TASK BRIEF: Reproduce from the records below, with no pictures, exactly the lines between the one containing "Image of آدھی رات کا سورج" and the one containing "Cô Nương Ngươi", inclusive.
:: SOURCE INFORMATION ::
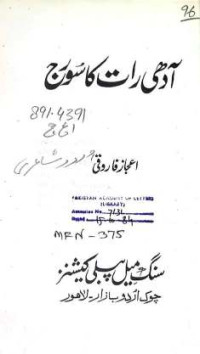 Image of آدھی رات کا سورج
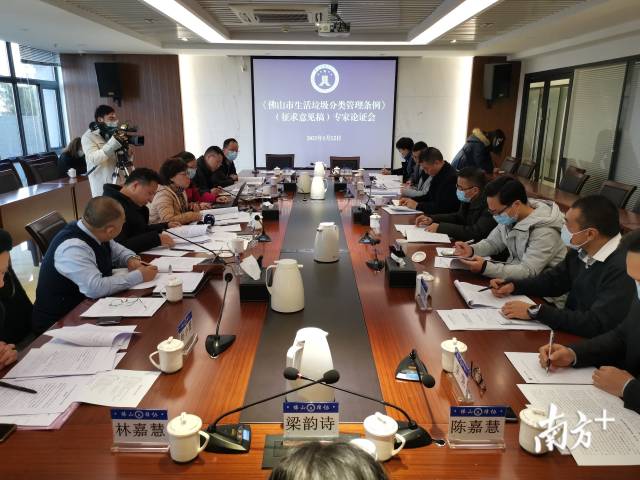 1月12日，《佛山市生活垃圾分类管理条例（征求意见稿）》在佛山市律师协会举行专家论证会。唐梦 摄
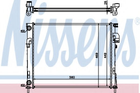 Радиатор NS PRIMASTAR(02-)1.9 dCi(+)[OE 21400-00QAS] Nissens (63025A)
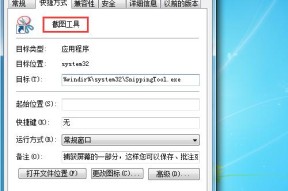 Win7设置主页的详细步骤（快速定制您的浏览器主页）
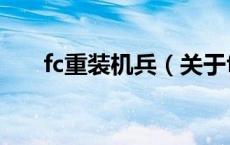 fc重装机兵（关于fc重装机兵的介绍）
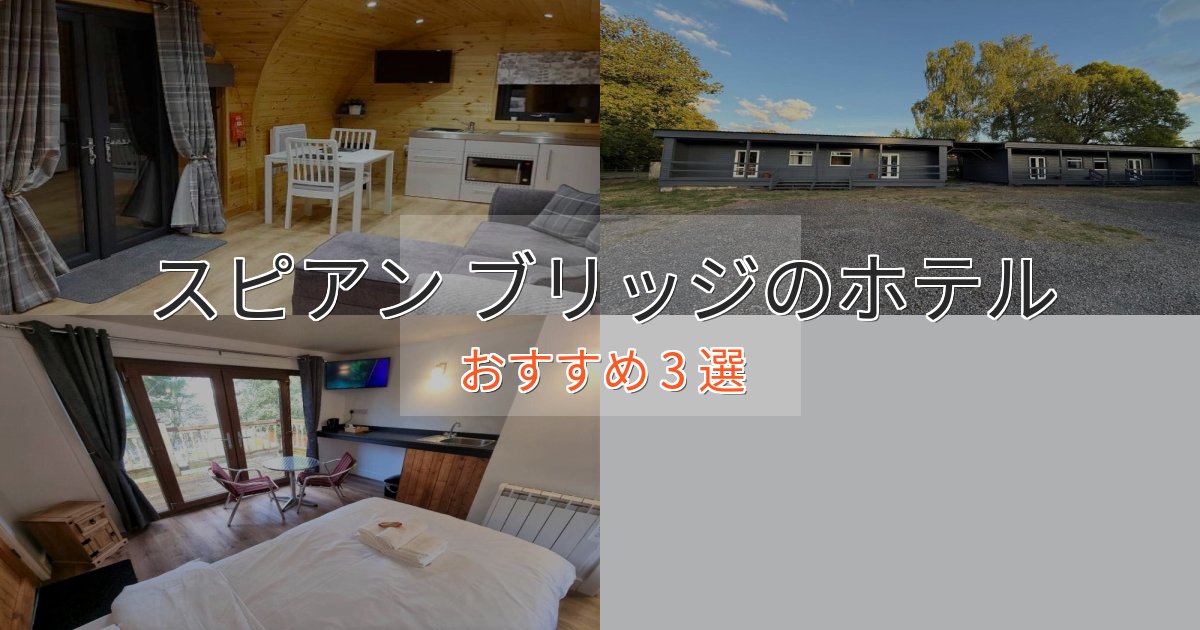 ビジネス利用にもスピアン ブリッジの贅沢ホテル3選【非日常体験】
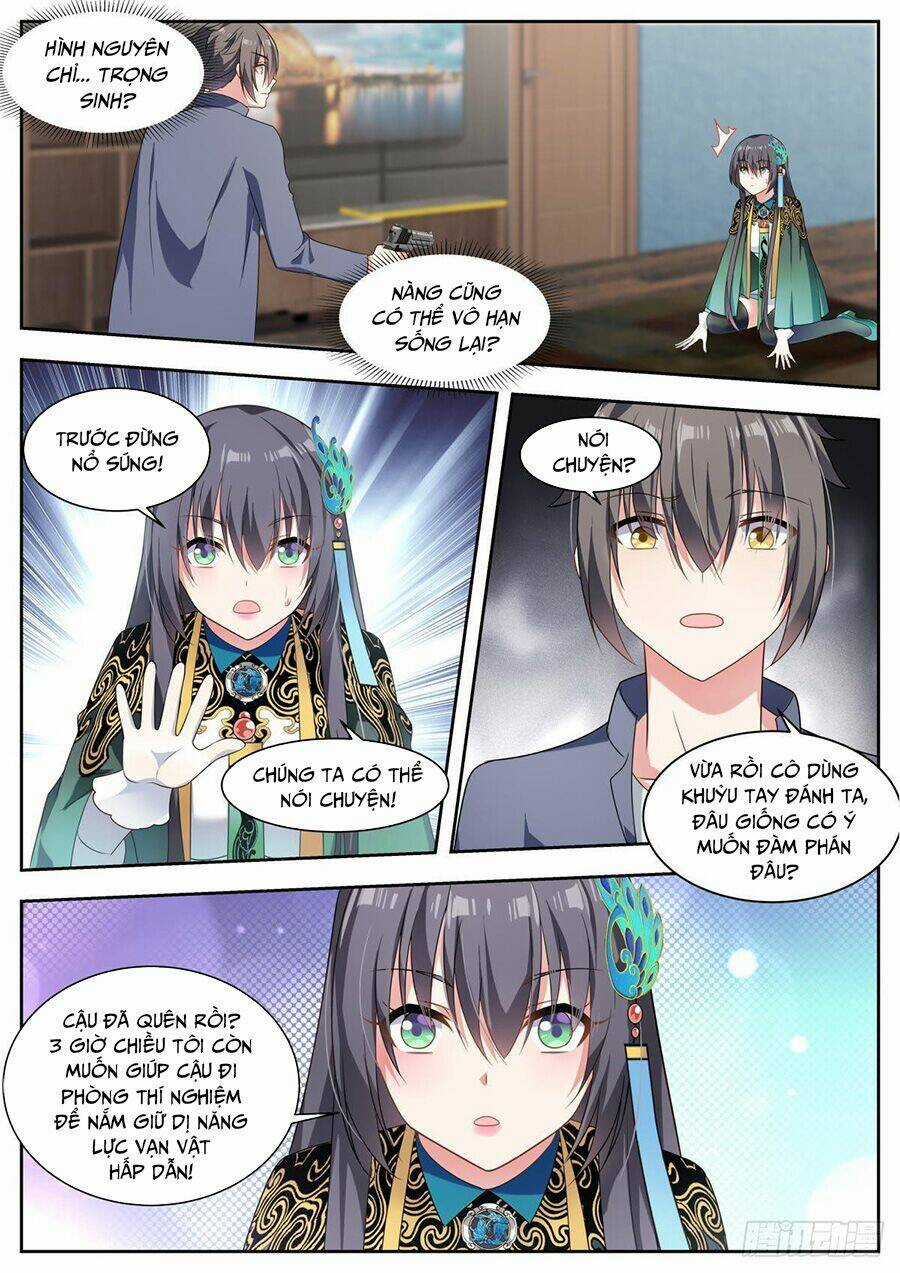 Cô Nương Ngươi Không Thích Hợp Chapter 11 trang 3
:::
:: SOURCE INFORMATION ::
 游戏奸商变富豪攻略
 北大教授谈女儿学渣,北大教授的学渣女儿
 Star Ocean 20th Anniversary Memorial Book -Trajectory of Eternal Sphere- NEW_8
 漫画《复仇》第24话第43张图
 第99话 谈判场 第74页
:::
SOLUTION FOR THIS PROBLEM:
 Image of آدھی رات کا سورج
 1月12日，《佛山市生活垃圾分类管理条例（征求意见稿）》在佛山市律师协会举行专家论证会。唐梦 摄
 Радиатор NS PRIMASTAR(02-)1.9 dCi(+)[OE 21400-00QAS] Nissens (63025A)
 Win7设置主页的详细步骤（快速定制您的浏览器主页）
 fc重装机兵（关于fc重装机兵的介绍）
 ビジネス利用にもスピアン ブリッジの贅沢ホテル3選【非日常体験】
 Cô Nương Ngươi Không Thích Hợp Chapter 11 trang 3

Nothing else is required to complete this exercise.